Let’s keep this fast: You don’t have to be an Arian Nation airhead wrapped in a confederate flag to be a white supremacist. You don’t need to hate people of color and love being pink. You don’t need to believe in segregation. You don’t need to be bad person. While the overt manifestations of white supremacy are are often violent and segregationist like Greenville Texas in the 50″s, the thing itself is more subtle and is manifest constantly in our society. There are multiple definitions, some with sophisticated analysis of power. I’ll suggest the following definition is useful for discussion:
White supremacy is the belief that a certain set of cultural norms arising from and associated with European, primarily Anglo-Saxon culture are both superior to other cultural norms and (most importantly) should be regarded as the normal culture of the United States.
The cultural norms include the English language, particular modes of dress, forms of public behavior and interaction, particular values, religious beliefs, and so on. In almost all discussions of what is the “real” America and who are “real” Americans white supremacy comes into play, sometimes on both sides of the progressive / conservative divide. (An entire separate essay could be written on norms of physical beauty and how these discriminate against people of color, or about power relationships ingrained in larger social structures.)What makes white supremacy so dangerous is that because it is associated with appearance and behavior particular groups (African Americans, Latinos, Asia Americans, Muslims, and others) are readily subject to physical and verbal abuse for their failure to be “real” Americans – regardless of their actual cultural values. There are efforts to crush their cultural distinctiveness as “un-American.”
What is the alternative to white supremacy?
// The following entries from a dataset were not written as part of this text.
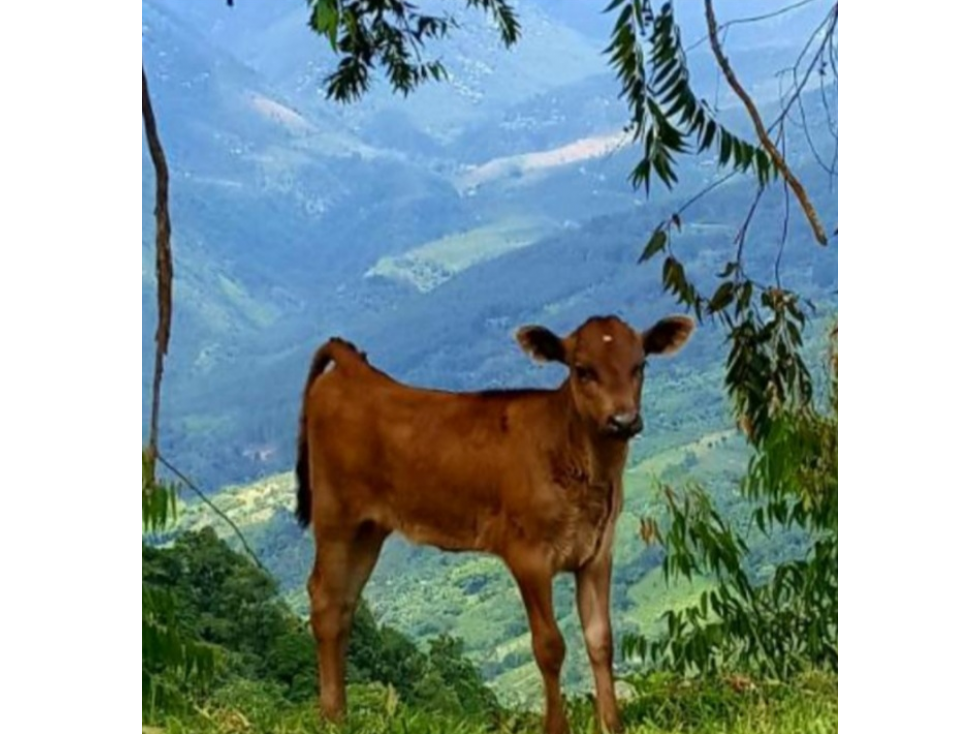 Se vende Finca Génova Quindío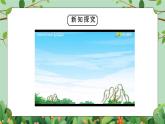 四年級下冊-綜合實踐第一單元 感受春天 課件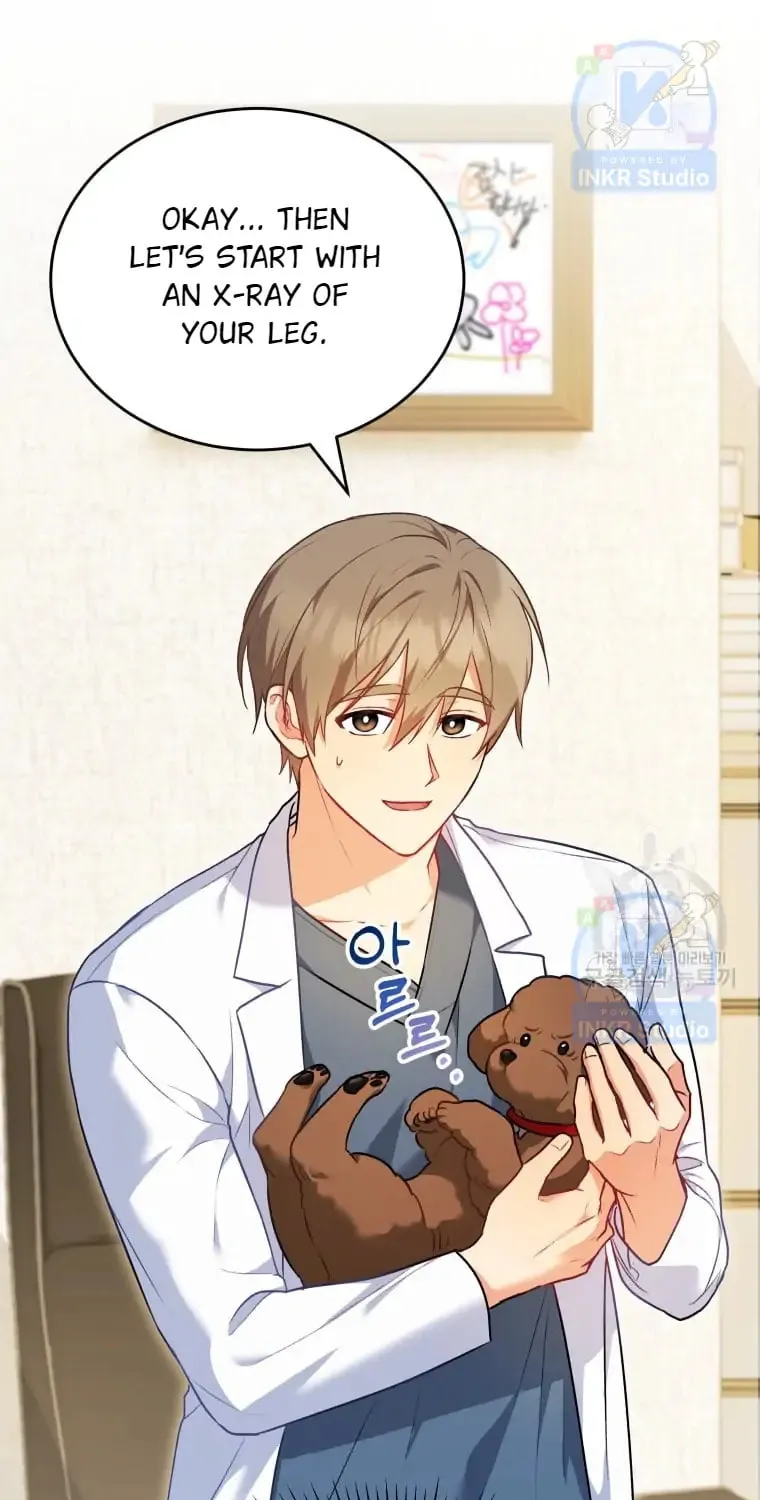 Veterinarian! Hello? Chapter 3 page 17 - 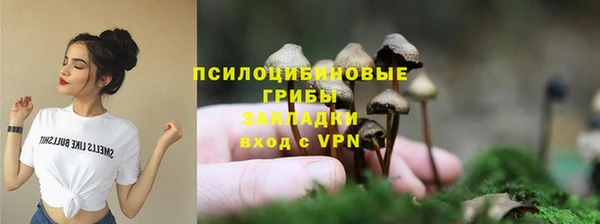 ешки Остров
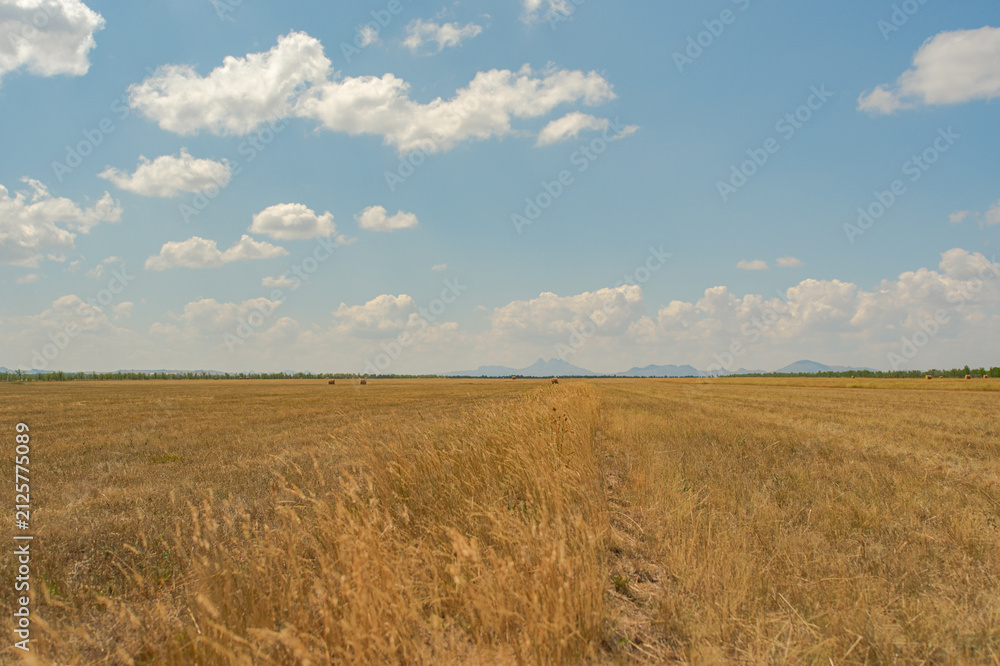 Fototapeta premium Endless empty harvested agricultural field stretching toward horizon under blue summer sky. East Kazakhstan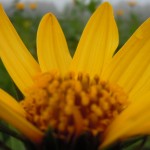 DSCN3323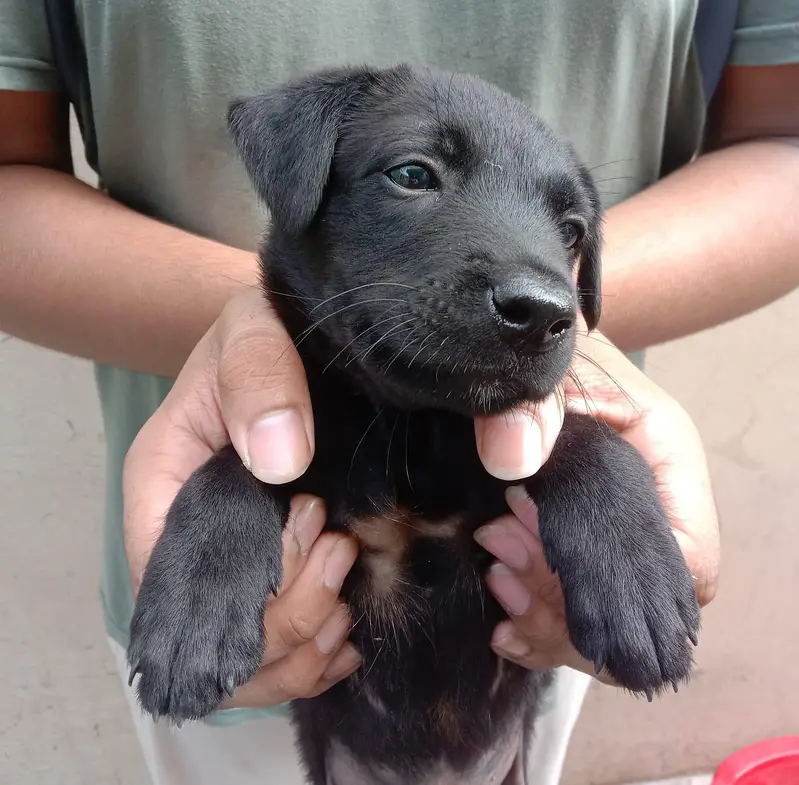puppy for sale — photo 3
I believe that every culture found in the United States is uniquely valuable and that this mosaic of cultures, including their conflicting norms and sometimes unsettling behaviors, is fully American and those who live out of these cultures are “real” Americans. And secondly, to realize that American culture is something always evolving and emerging out of this continual engagement between cultures. The real America is never really present, and certainly cannot be found in the past. It is always emerging as we Americans, all of us together, create it.
I know that this frightens some people. That is why the land of the free must also be the home of the brave.